Spotify Analysis
Source
Youtube Link:
Spotify Analysis with PySpark
Hello! Hello! It’s OG again. This time we’ll be building an End-to-End ELT data pipeline and a Recommender System based on analytics from the Spotify API. Without further ado, let’s get started.
Introduction
This project involves building a music analytics system from Spotify, as shown in the diagram below:
The diagram includes the following components:
- Infrastructure: We will use Docker to set up most of the frameworks used in the system and optionally use Terraform to set up MongoDB.
- Pipeline 1: This pipeline performs incremental loading into MongoDB each time data is pulled from the Spotify API.

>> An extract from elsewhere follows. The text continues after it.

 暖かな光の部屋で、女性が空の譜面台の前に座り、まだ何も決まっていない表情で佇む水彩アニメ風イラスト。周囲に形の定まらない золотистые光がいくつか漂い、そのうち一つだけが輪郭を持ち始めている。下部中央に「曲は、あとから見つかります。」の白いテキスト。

- Pipeline 2: This data pipeline performs ELT (Extract, Load, Transform) to process and normalize JSON data from MongoDB. Most of the work dealing with the complex, nested JSON structure will be handled by PySpark (Python API for Apache Spark) on HDFS (Hadoop Distributed File System).
- Analytic Layer: To analyze the data, we will apply an analytics layer on top of Hadoop. In this project, we will use Dremio for that.
- Machine learning and Dashboard: This part involves training a machine learning model for the Spotify music recommendation system. Additionally, we can use PowerBI to create dashboards to analyze data from Dremio.
- Application: Finally, we will use Streamlit to build a simple web application for the music recommendation and search system. Users can also interact with the BI Dashboard at this layer.
Data Schema
Our data source comes from the Spotify API. We will also scrape a list of Spotify artists from Sportify Artists. The final processed data will have the following schema:
Infrastructure
We will primarily use Docker to configure most of the frameworks in the system via a docker-compose.yml
file. MongoDB Atlas, however, can be set up in multiple ways.
Apache Hadoop
First, we will set up Apache Hadoop using Docker Compose. As we know, Hadoop is a Java-based framework introduced by Google in 2006 that leverages distributed system technology to store and process Big Data. Hadoop is built on three main components:
- HDFS (Hadoop Distributed File System): A distributed file system used for data storage.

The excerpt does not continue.